> [Input]

#####

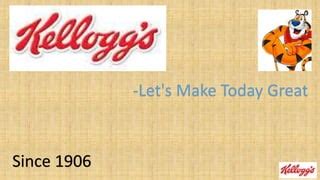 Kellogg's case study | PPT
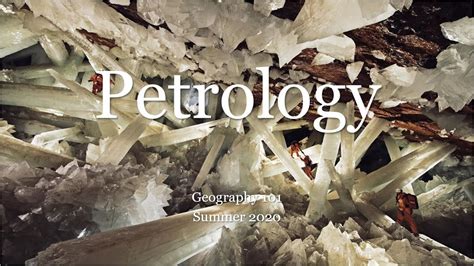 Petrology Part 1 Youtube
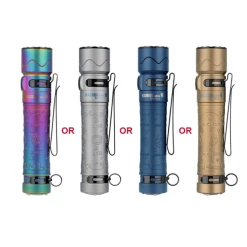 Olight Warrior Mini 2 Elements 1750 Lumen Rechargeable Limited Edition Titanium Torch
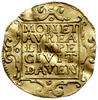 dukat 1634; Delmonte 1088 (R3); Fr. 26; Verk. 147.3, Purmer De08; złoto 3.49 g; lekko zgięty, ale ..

#####

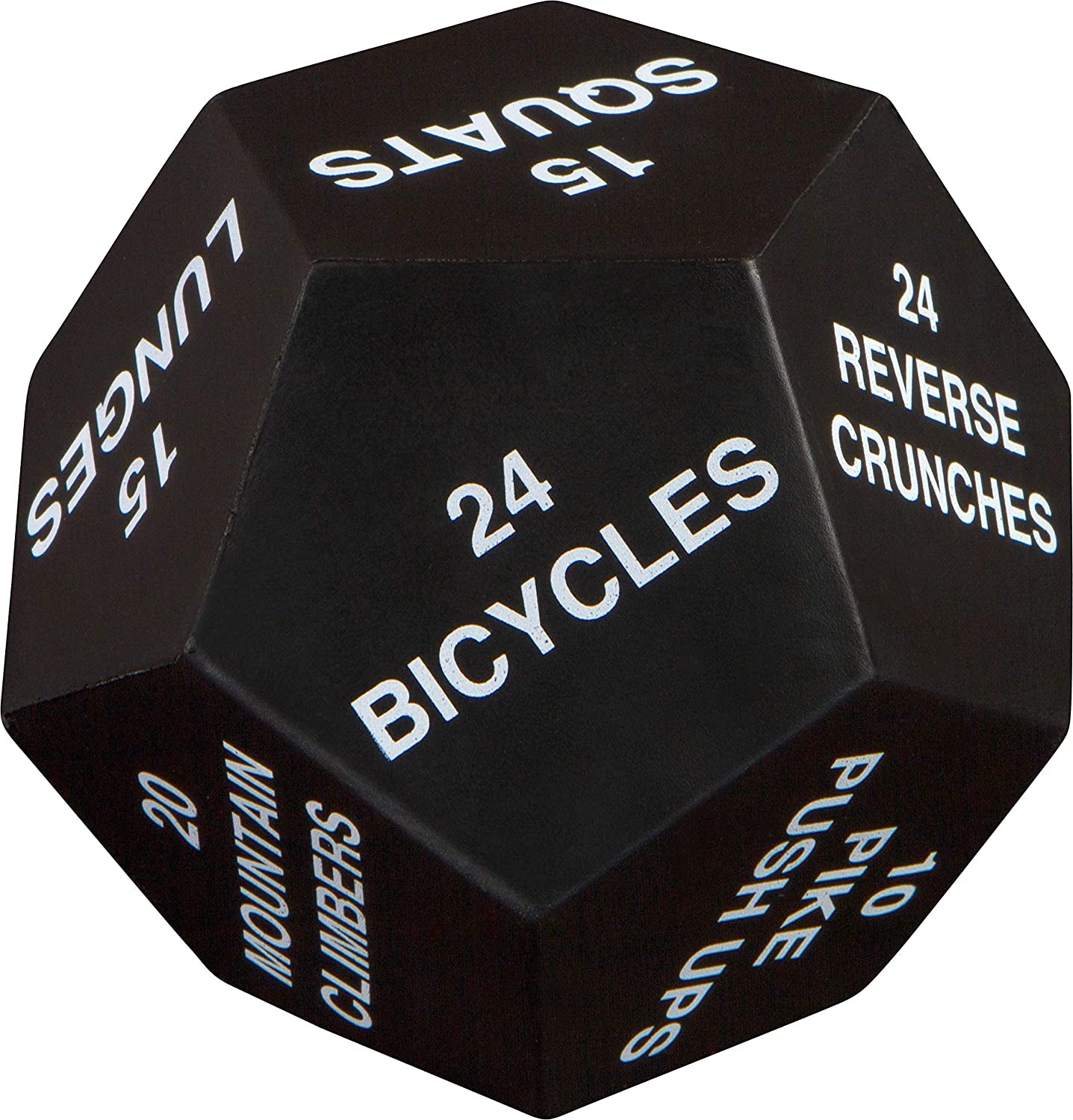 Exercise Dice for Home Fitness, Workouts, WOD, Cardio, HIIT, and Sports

#####

In the entries above, find the line containing "Petrology Part 1 Youtube" and the line containing "dukat 1634; Delmonte", then copy both and every line between them exactly, without any picture.

> [Answer box]
 Petrology Part 1 Youtube
 Olight Warrior Mini 2 Elements 1750 Lumen Rechargeable Limited Edition Titanium Torch
 dukat 1634; Delmonte 1088 (R3); Fr. 26; Verk. 147.3, Purmer De08; złoto 3.49 g; lekko zgięty, ale ..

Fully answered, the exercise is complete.